▶ PROMPT
Leaving out the pictures, output the lines from the one that contains "Yellow boxfish cartoon" through the end of the material, exactly as they stand.

▶ DATA SECTION
☆ ☆ ☆

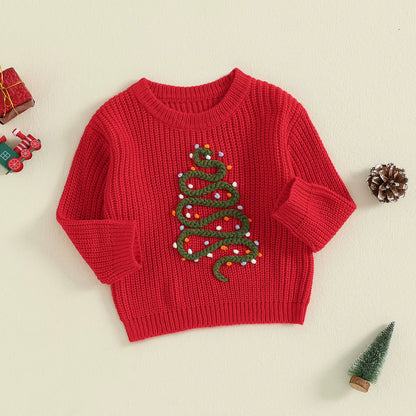 Baby Christmas Tree Embroidered Pullover Sweater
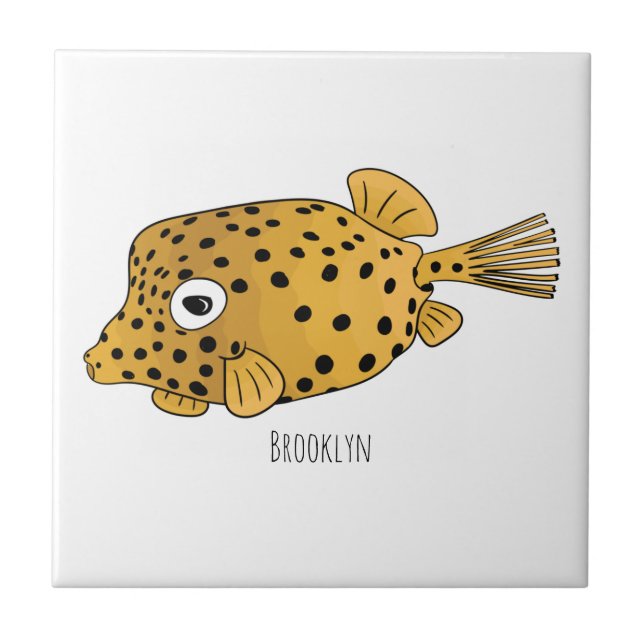 Yellow boxfish cartoon illustration ceramic tile (Front)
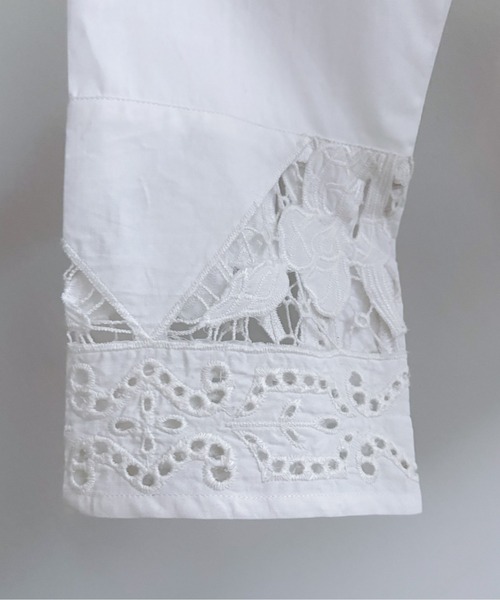 Pqran(クラン)の「カットワーク刺繍BL(シャツ/ブラウス・レディース・ブラック/オフホワイト・FREE)」の14枚目の写真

☆ ☆ ☆

▶ ANSWER BOX
 Yellow boxfish cartoon illustration ceramic tile (Front)
 Pqran(クラン)の「カットワーク刺繍BL(シャツ/ブラウス・レディース・ブラック/オフホワイト・FREE)」の14枚目の写真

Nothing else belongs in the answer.